KVM: x86/mmu: Document the "rules" for using host_pfn_mapping_level()

Add a comment to document how host_pfn_mapping_level() can be used safely, as the line between safe and dangerous is quite thin. E.g. if KVM were to ever support in-place promotion to create huge pages, consuming the level is safe if the caller holds mmu_lock and checks that there's an existing _leaf_ SPTE, but unsafe if the caller only checks that there's a non-leaf SPTE. Opportunistically tweak the existing comments to explicitly document why KVM needs to use READ_ONCE(). No functional change intended. Signed-off-by: Sean Christopherson <seanjc@google.com> Message-Id: <20220715232107.3775620-3-seanjc@google.com> Signed-off-by: Paolo Bonzini <pbonzini@redhat.com>
author: Sean Christopherson <seanjc@google.com> 2022-07-15 23:21:05 +0000
committer: Paolo Bonzini <pbonzini@redhat.com> 2022-07-28 13:22:23 -0400
commit: 65e3b446bcceaac7448cb25a2a5bf4adbcf25fe6 (patch)

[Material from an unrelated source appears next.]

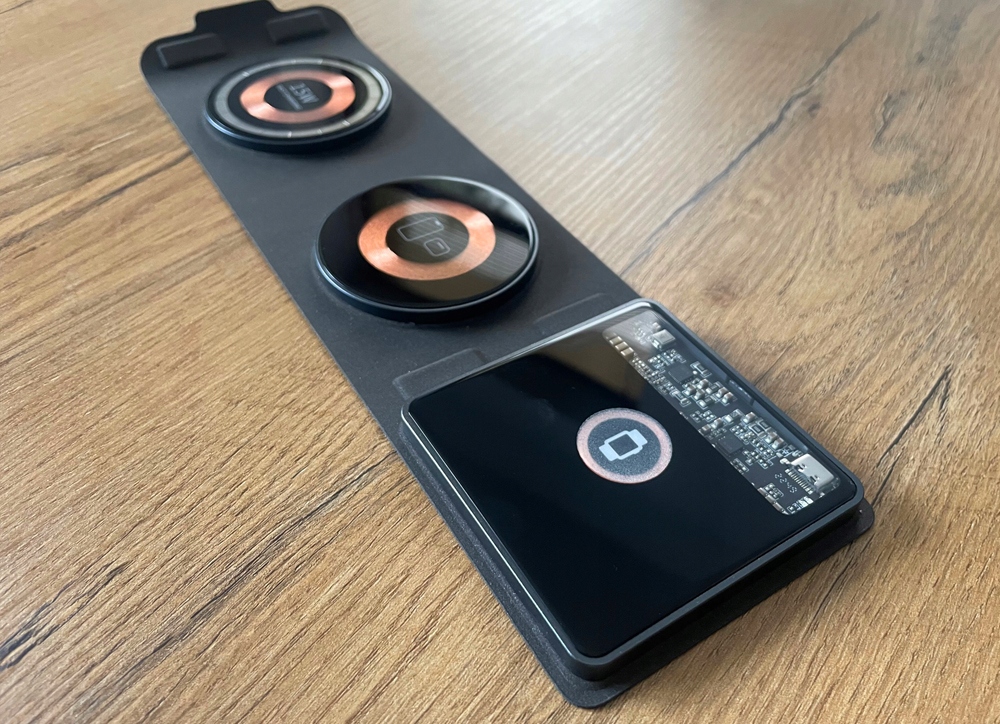 SZYBKA ŁADOWARKA BEZPRZEWODOWA MAGNETYCZNA 3w1 30W Zgodność ze standardem Quick Charge 1.0 Quick Charge 2.0 Quick Charge 3.0 Quick Charge 4.0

tree: dd5e5776e0af18ba40210e94f8cca7209cb951c5 /arch/x86
parent: a8ac499bb6abbd55fe60f1dc2d053f4b5b13aa73 (diff)
download: linux-65e3b446bcceaac7448cb25a2a5bf4adbcf25fe6.tar.bz2
1 files changed, 35 insertions, 7 deletions
diff --git a/arch/x86/kvm/mmu/mmu.c b/arch/x86/kvm/mmu/mmu.c
index 091278a8bd56..8e477333a263 100644
--- a/arch/x86/kvm/mmu/mmu.c
+++ b/arch/x86/kvm/mmu/mmu.c
@@ -2920,6 +2920,31 @@ static void direct_pte_prefetch(struct kvm_vcpu *vcpu, u64 *sptep)

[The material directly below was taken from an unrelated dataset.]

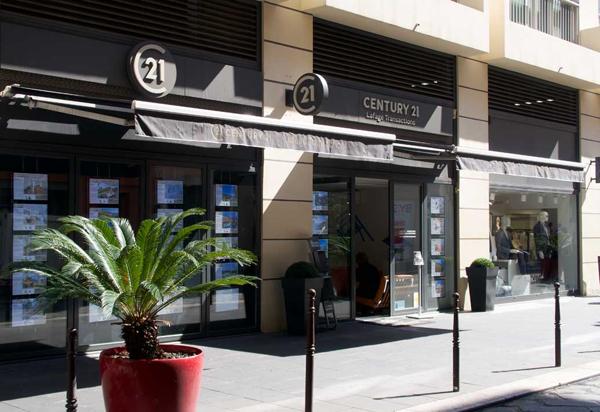Appartement T3 à vendre  3 pièces - 74,19 m 2   ANTIBES  - 06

 	__direct_pte_prefetch(vcpu, sp, sptep);
 }
 
+/*
+ * Lookup the mapping level for @gfn in the current mm.
+ *
+ * WARNING!  Use of host_pfn_mapping_level() requires the caller and the end
+ * consumer to be tied into KVM's handlers for MMU notifier events!
+ *
+ * There are several ways to safely use this helper:
+ *
+ * - Check mmu_notifier_retry_hva() after grabbing the mapping level, before
+ *   consuming it.  In this case, mmu_lock doesn't need to be held during the
+ *   lookup, but it does need to be held while checking the MMU notifier.
+ *
+ * - Hold mmu_lock AND ensure there is no in-progress MMU notifier invalidation
+ *   event for the hva.  This can be done by explicit checking the MMU notifier
+ *   or by ensuring that KVM already has a valid mapping that covers the hva.
+ *
+ * - Do not use the result to install new mappings, e.g. use the host mapping
+ *   level only to decide whether or not to zap an entry.  In this case, it's
+ *   not required to hold mmu_lock (though it's highly likely the caller will
+ *   want to hold mmu_lock anyways, e.g. to modify SPTEs).
+ *
+ * Note!  The lookup can still race with modifications to host page tables, but
+ * the above "rules" ensure KVM will not _consume_ the result of the walk if a
+ * race with the primary MMU occurs.
+ */
 static int host_pfn_mapping_level(struct kvm *kvm, gfn_t gfn,
 				  const struct kvm_memory_slot *slot)
 {
@@ -2942,16 +2967,19 @@ static int host_pfn_mapping_level(struct kvm *kvm, gfn_t gfn,
 	hva = __gfn_to_hva_memslot(slot, gfn);
 
 	/*
-	 * Lookup the mapping level in the current mm.  The information
-	 * may become stale soon, but it is safe to use as long as
-	 * 1) mmu_notifier_retry was checked after taking mmu_lock, and
-	 * 2) mmu_lock is taken now.
-	 *
-	 * We still need to disable IRQs to prevent concurrent tear down
-	 * of page tables.
+	 * Disable IRQs to prevent concurrent tear down of host page tables,
+	 * e.g. if the primary MMU promotes a P*D to a huge page and then frees
+	 * the original page table.
 	 */
 	local_irq_save(flags);
 
+	/*
+	 * Read each entry once.  As above, a non-leaf entry can be promoted to
+	 * a huge page _during_ this walk.  Re-reading the entry could send the
+	 * walk into the weeks, e.g. p*d_large() returns false (sees the old
+	 * value) and then p*d_offset() walks into the target huge page instead
+	 * of the old page table (sees the new value).
+	 */
 	pgd = READ_ONCE(*pgd_offset(kvm->mm, hva));
 	if (pgd_none(pgd))
 		goto out;
author	Sean Christopherson <seanjc@google.com>	2022-07-15 23:21:05 +0000
committer	Paolo Bonzini <pbonzini@redhat.com>	2022-07-28 13:22:23 -0400
commit	65e3b446bcceaac7448cb25a2a5bf4adbcf25fe6 (patch)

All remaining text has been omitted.